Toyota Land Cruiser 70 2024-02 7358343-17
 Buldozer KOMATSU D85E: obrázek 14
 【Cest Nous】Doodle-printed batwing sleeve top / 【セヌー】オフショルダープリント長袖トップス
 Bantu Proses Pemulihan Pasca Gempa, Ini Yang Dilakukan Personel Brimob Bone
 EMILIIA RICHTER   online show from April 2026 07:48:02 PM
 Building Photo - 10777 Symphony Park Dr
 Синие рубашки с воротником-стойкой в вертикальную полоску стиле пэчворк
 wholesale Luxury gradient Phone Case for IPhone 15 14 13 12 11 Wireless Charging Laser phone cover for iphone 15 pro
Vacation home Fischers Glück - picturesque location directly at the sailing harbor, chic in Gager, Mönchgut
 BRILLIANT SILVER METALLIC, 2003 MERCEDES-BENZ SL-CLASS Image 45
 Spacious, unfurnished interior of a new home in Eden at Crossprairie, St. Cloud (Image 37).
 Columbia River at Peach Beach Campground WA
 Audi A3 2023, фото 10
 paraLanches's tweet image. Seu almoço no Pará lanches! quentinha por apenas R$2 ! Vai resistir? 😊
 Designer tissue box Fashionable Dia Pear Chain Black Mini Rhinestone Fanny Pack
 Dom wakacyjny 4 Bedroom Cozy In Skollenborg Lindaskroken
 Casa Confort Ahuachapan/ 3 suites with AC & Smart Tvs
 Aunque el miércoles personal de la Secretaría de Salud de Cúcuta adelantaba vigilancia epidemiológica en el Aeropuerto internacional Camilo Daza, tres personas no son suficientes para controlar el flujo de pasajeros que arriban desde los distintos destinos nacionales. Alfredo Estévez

▶ [TASK ITEM]:
All of the entries must be written out exactly as they stand.

▶ [THE ANSWER]:
Toyota Land Cruiser 70 2024-02 7358343-17
 Buldozer KOMATSU D85E: obrázek 14
 【Cest Nous】Doodle-printed batwing sleeve top / 【セヌー】オフショルダープリント長袖トップス
 Bantu Proses Pemulihan Pasca Gempa, Ini Yang Dilakukan Personel Brimob Bone
 EMILIIA RICHTER   online show from April 2026 07:48:02 PM
 Building Photo - 10777 Symphony Park Dr
 Синие рубашки с воротником-стойкой в вертикальную полоску стиле пэчворк
 wholesale Luxury gradient Phone Case for IPhone 15 14 13 12 11 Wireless Charging Laser phone cover for iphone 15 pro
Vacation home Fischers Glück - picturesque location directly at the sailing harbor, chic in Gager, Mönchgut
 BRILLIANT SILVER METALLIC, 2003 MERCEDES-BENZ SL-CLASS Image 45
 Spacious, unfurnished interior of a new home in Eden at Crossprairie, St. Cloud (Image 37).
 Columbia River at Peach Beach Campground WA
 Audi A3 2023, фото 10
 paraLanches's tweet image. Seu almoço no Pará lanches! quentinha por apenas R$2 ! Vai resistir? 😊
 Designer tissue box Fashionable Dia Pear Chain Black Mini Rhinestone Fanny Pack
 Dom wakacyjny 4 Bedroom Cozy In Skollenborg Lindaskroken
 Casa Confort Ahuachapan/ 3 suites with AC & Smart Tvs
 Aunque el miércoles personal de la Secretaría de Salud de Cúcuta adelantaba vigilancia epidemiológica en el Aeropuerto internacional Camilo Daza, tres personas no son suficientes para controlar el flujo de pasajeros que arriban desde los distintos destinos nacionales. Alfredo Estévez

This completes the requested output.